(Brief descriptive captions)
::::
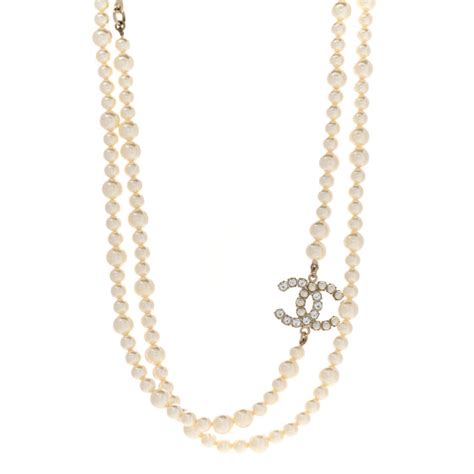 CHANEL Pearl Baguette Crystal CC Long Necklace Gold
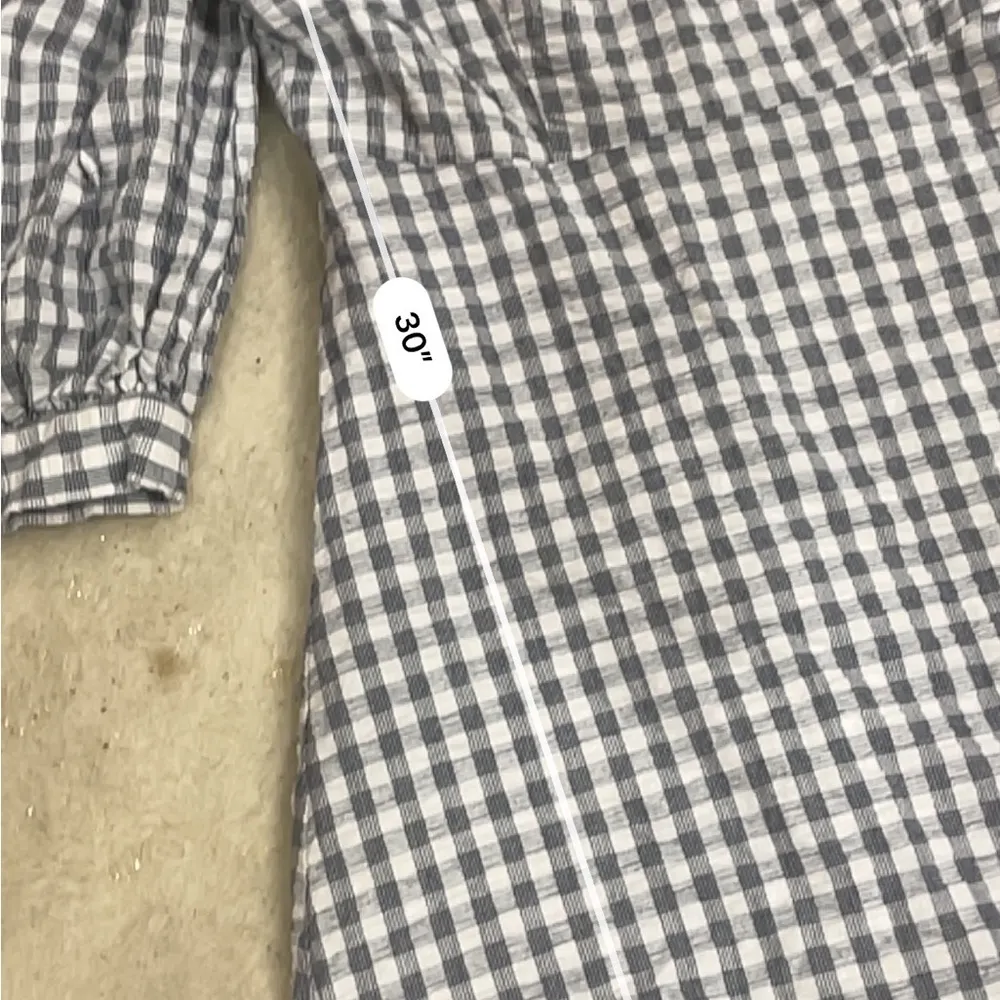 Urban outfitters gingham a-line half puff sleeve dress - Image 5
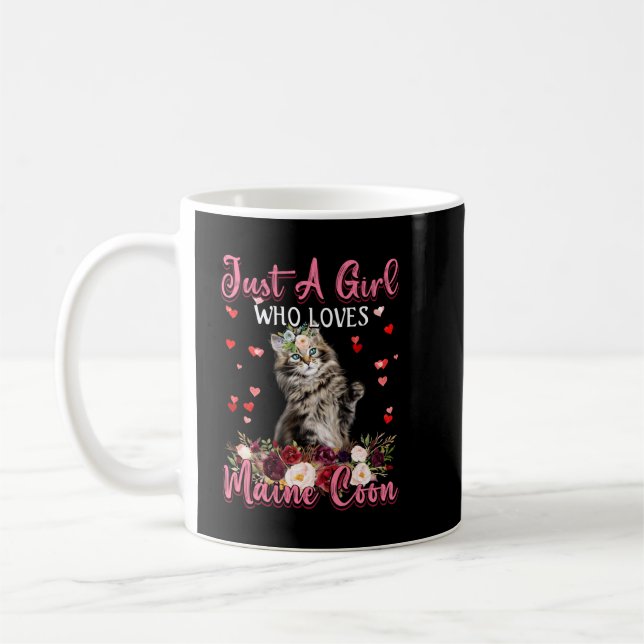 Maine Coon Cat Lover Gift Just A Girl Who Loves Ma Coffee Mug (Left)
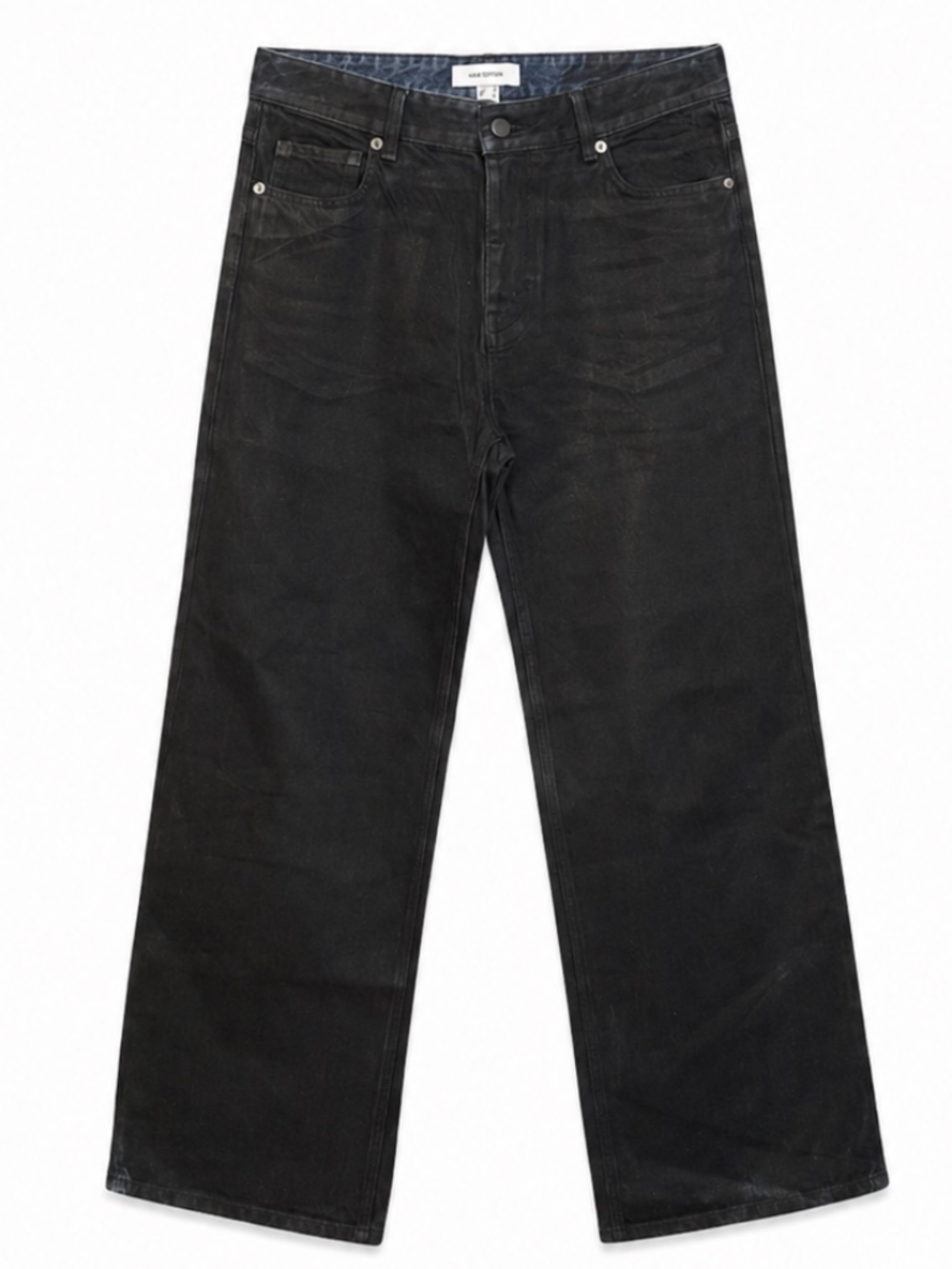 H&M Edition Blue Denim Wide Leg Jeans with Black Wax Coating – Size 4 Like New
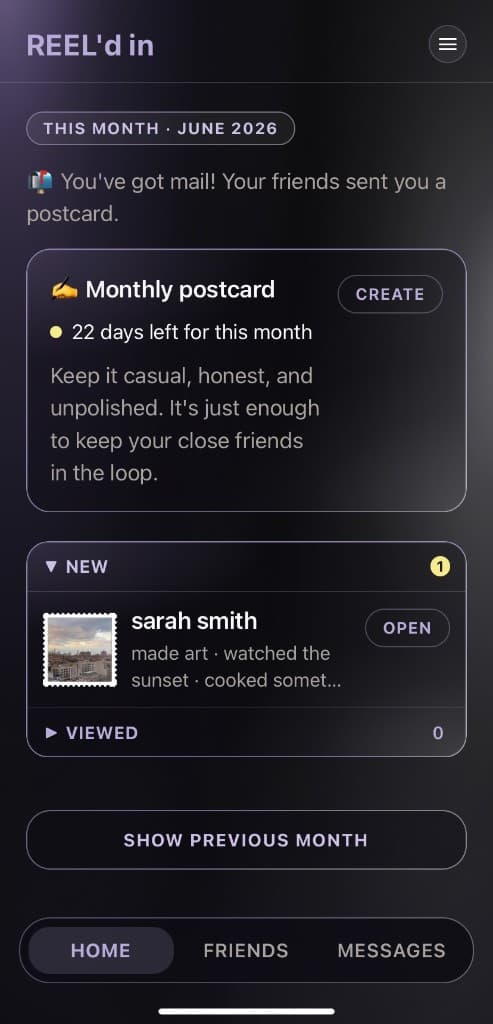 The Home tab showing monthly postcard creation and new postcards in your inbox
::::
■ **WORK ORDER**:
Every line from the one containing "H&M Edition Blue" through the end of the entries above is to be copied exactly; pictures are to be left out.

■ **WRITTEN RESPONSE**:
 H&M Edition Blue Denim Wide Leg Jeans with Black Wax Coating – Size 4 Like New
 The Home tab showing monthly postcard creation and new postcards in your inbox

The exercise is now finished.